将来自分の職務につながることとか、ヒントになりそうな情報主体は積極的にマークしておくと良さそうです。以下の記事でも触れましたが、大学院に行く場合は「定期的に引用し続ける能力」が重要なのでは、と思い。卒業後になっても知見をアップデートし続けるべく、「情報を追い続ける力」を養う機会になるのではと考えたりします。

◼️欧州圏での諸活動をチェック (メルマガ等)

SNSの話と被りますが、必要な情報のキャッチアップですね。メルマガ(newsletter)登録できるものは積極的にやっておくと、ふとしたときに良い機会が訪れることも。

・Jobs in Europe

インターン、トレイニー、アシスタント等から、マネージャー職まで。自分にはやる機会がなかったため応募するには至りませんでしたが、EU関連の職だと下記のEuro Brussels、EU Careersなどが参考になりそうでした。またEuractiv Jobsiteもいろいろ求人がありますね。

Cross Boarder Recruitment (CBR)は、欧州で日本語を使える人材の仕事を探す際に。ビザサポートありなのもあれば、なしなのも。業務経験必要なのが多く、専門職中心ですが、職務を十分に積んだ方には良さそうです。

・Other Activities

European Youth Portalは若者向けのボランティア、トレイニーシップ、職探し等のプラットフォームになっており、定期的にチェックしておくと色々な機会に触れられます。

その中のEuropean Solidarity Corpsでは、18~30歳を対象としたEU圏在住者のプロジェクトが多数掲載されており、長期休暇等で興味のある分野・国で経験を積むのに向いてそうです(※登録必要)。

他には、長期休暇にしばしば開講されるサマースクール(&ウィンターコース)の情報なんかは、Summer Schools in Europeでチェックしたり。名門校のプログラムは短期間の割にやたら高くない?とブランドビジネス感がしますが…。

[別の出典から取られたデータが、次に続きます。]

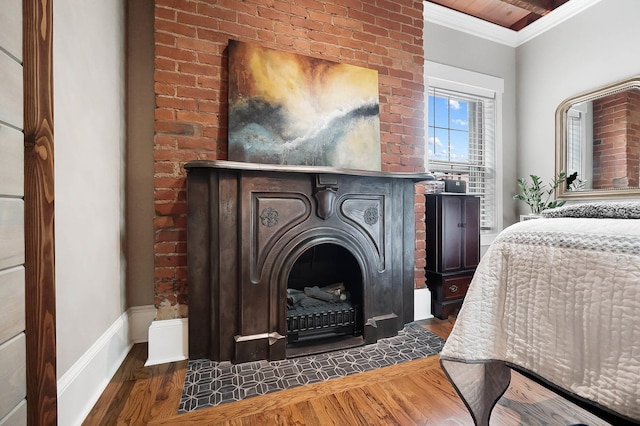519 Greenup St Unit A, Covington, KY 41011 - detailed view of crown molding, wood finished floors, and a fireplace with flush hearth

ユニークなコンテンツもいろいろあり、オンラインで開講されてたりもして、費用と鑑みた上で特に興味を引く内容があれば、チェックしておくこともできそうです。

また、個人的に長期休暇でよく使っていたのはWorkawayです。職務に直接繋がるような経験ではないですが、現地の人の生活に密着した時間を数週間~数ヶ月間と過ごせたのは貴重でした。ボランティアベースの住み込みで、欧州圏の各地で様々なプロジェクトがあります。

例えば私はチェコ・プルゼニ州の古駅舎を改修し、インバウンドの拠点に据えるという、元ミュージシャンのオーストラリア人のもとで夏を過ごしました。なかなかに得難い体験だったと思います…。

◼️住居は大学寮に申し込むのが無難

話はやや一転しますが、住居関連でやっておいたほうがいいことも。基本的に欧州の主要な都市で部屋探しをするのは難易度が高いな、という印象を抱いています。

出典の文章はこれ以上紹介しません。